2.4. Case studies of producer's and talent revenue-sharing imputation.

In this part of the paper the author would like to show the realization of the methodology and test its applicability of specific examples. Let's consider the creation of three movies: "Inception" (2010), "Alice in Wonderland"(2010) and "Terminator 3: Rise of the Machines" (2003) and try to calculate the income imputations for each of them.

Movie Inception. Let's start with Christopher Nolan's movie "Inception", the main role in which was performed by Leonardo DiCaprio. This movie initially had a very large budget of $160 mln (IMDb) due to the star cast and massive special effects, consequently, quite a massive payoff was also expected. It is necessary to state here that although the main trajectory of this paper is devoted to the independent movie production, the case of "Inception" is actually the situation, when the producer is affiliated with the studio (i.e. distributor). The thing here is that financing of "Inception" was quite a complicated deal, since the budget was quite large. The The rights for the movie were in the possession of Christopher Nolan, because he wrote the original script, thus, he decided to co-produce this movie with another producer Emma Thomas. The deal with Warner Bros. was arranged, and all the financing was provided by the studio. Later Warner Bros. distributed the movie for the US theatrical release. Now let's try to model the game situation, as if we were in the shoes of people making decisions on the revenue distribution. In the situation considered the following participants claim for the revenue share: the studio (who was the investor of the project), the leading actor, A-lister Leonardo DiCaprio and the director (and at the same time the scriptwriter and the co-producer of the project) Christopher Nolan. Let's call them Player 1, Player 2 and Player 3 correspondingly. All them due to their high power of influence claim for the revenue and not profit participation share.

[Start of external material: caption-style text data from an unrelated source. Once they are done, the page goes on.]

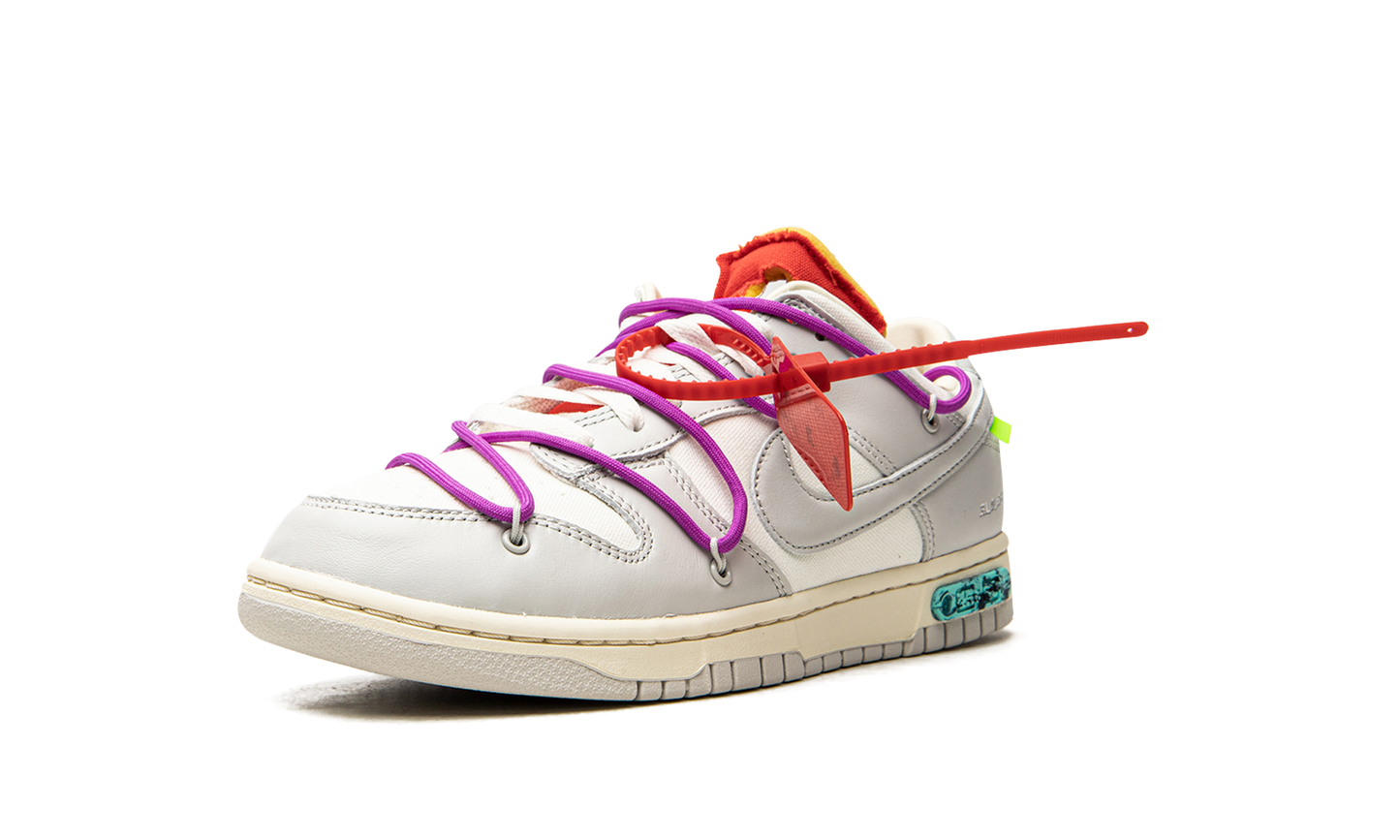 Dunk Low "Off-White - Lot 45"
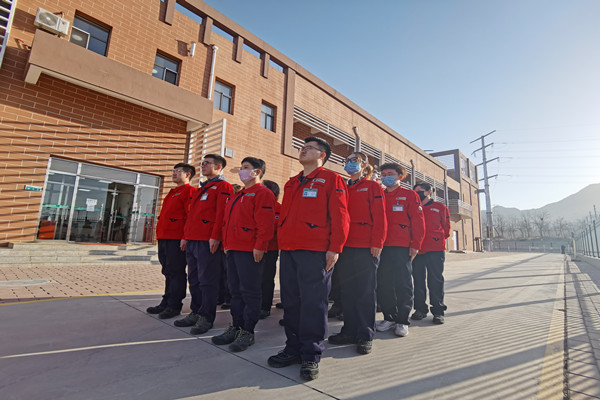 烏海電業(yè)局變電管理處：春查，我們準(zhǔn)備好了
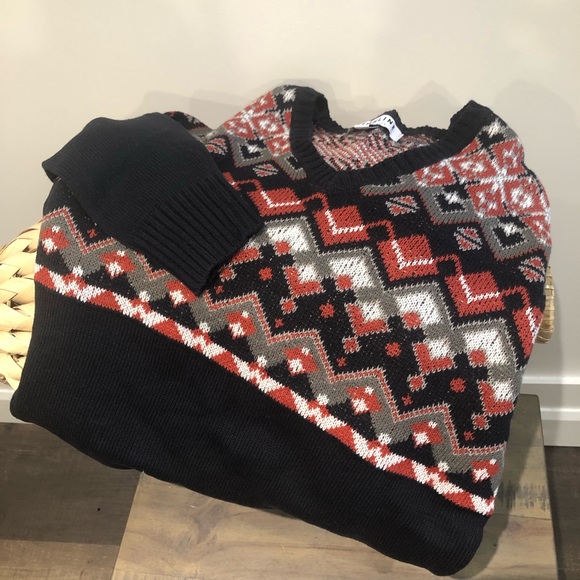 New V-Neck Sweater, L Size, Unisex - Picture 5 of 5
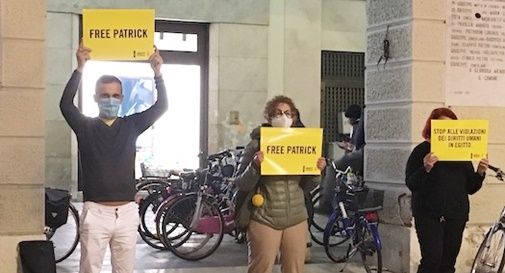 “Libertà per Patrick Zaki”, anche Treviso scende in piazza  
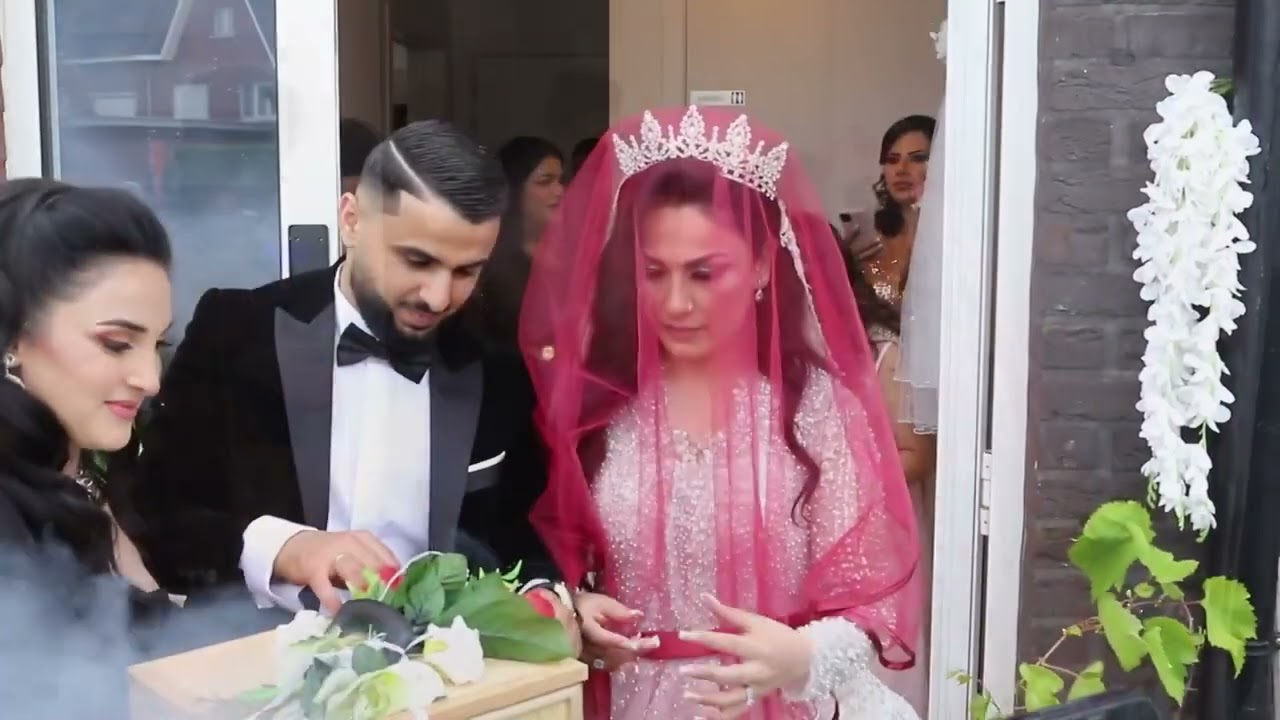 WEDDING BAHOUS & SONITA ( ALI AVRIKI BELGIUM)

Let's first build characteristic function, and for that task we need box-office forecast. In order to do that, we need to analyze the movies of the same genre, the same scale and intensity of special effects usage and the same degree of star cast involved, and then we will be able to get the idea of the approximate box-office amount. Let's take an average box-office amount and assume that "Inception" will earn around $800 mln. However, we should remember that not the entire box-office is distributed, but the revenue after deduction of the exhibitors' share, which is according to the established practice, constitutes 50%. Therefore, the value of the characteristic function of the maximal coalition is $400 mln., i.e. v (N) = 400. No one from the participants will be able to create a movie working independently. Christopher Nolan will not have funding for such a large scale project, the producer does not have the rights for the script, as it is in Nolan's possession, and obviously that DiCaprio will not be able to create a movie on his own. Therefore, the payoffs of Nolan and DiCaprio will be zero (v (2) = v (3) =0). As we have decided earlier in the paper, the producer's power will be estimated proportionally to the investments, he has been able to obtain, since he has obligations to investors. So the producer will only have the money in the amount of $160 mln. (v (1) = 160). If the participants started to team up into different paired coalitions, only a coalition of Nolan and the studio would be able to make a movie. They could assign another actor, who would have a fixed fee and not a sharing contract. Let's assume that without DiCaprio's

participation the expected box-office of the movie would be of a smaller amount. For getting a sense of this possible amount let's analyze the filmography of Christopher Nolan, then look at the coefficient of return on investments of these movies and after that let's multiply the budget of "Inception" on average return on investments coefficient. (Actually there are a lot of different means of forecasting the box-office, however, this is not the goal of this paper, thus in this work only simplified versions are represented, moreover, all the forecasts are approximations). So we get that the forecast on "Inception" box-office without DiCaprio's participation in it equals to $500 mln., and consequently, the considered for the reasons of imputation allocation amount will constitute a half of it and will equal to $250 mln., v (1, 3) = 250, v (1, 2) = 160, v (2, 3) =0.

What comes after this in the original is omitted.